The shooting of the show was indefinitely halted in April 2021 due to the COVID-19 Lockdown and the filming restrictions imposed in Maharashtra, and the remaining episodes were aired. After almost a fortnight, the production resumed with the show being filmed in Rajkot. The shooting restarted in Mumbai towards the end of June 2021.

===Casting===
Sudeep Sahir and Ansh Sinha were finalized to portray the male lead Rajeev Bansal and his son Rishabh respectively in the show.

Initially, Ami Trivedi was cast as Jhanvi Bansal, the female lead (Rajeev's wife). However, Trivedi opted out due to the COVID-19 pandemic and thus Shweta Gulati was approached cast to portray Jhanvi.
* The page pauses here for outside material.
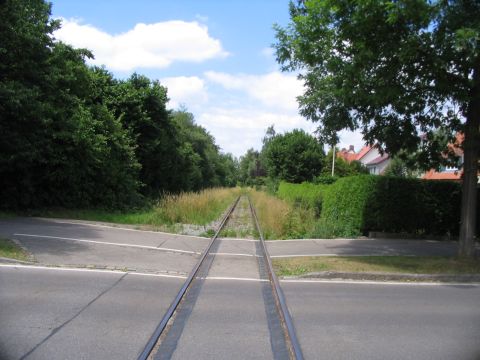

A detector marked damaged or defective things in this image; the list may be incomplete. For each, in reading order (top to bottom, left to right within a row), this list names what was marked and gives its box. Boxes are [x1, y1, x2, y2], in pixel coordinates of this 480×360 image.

After the death of Gulati's character, Sayantani Ghosh was brought in to portray Daljeet Bagga, the new female lead.

===Release===
Sony SAB unveiled the show's first teaser in April 2020. On 25 July 2020, an official promo was unveiled which announced that the show would appear in August. Another promo was unveiled on 21 August 2020, announcing the release date.

The show went off-air on 29 January 2022 due to low TRP ratings, completing 378 episodes after a successful run of 2 years.

==Crossover==
The Big Shanivaar is crossover of all Sony SAB's on-going shows (except Taarak Mehta Ka Ooltah Chashmah) on 9 October 2021 to promote Sony SAB telecasting their shows on Saturday also.

The Big Shanivaar is crossover of all Sony SAB's on-going shows (except Taarak Mehta Ka Ooltah Chashmah) on 20 November 2021 on the occasion of Diwali in Parakram SAF and to help its Cadet Koel Roy in escaping from her husband.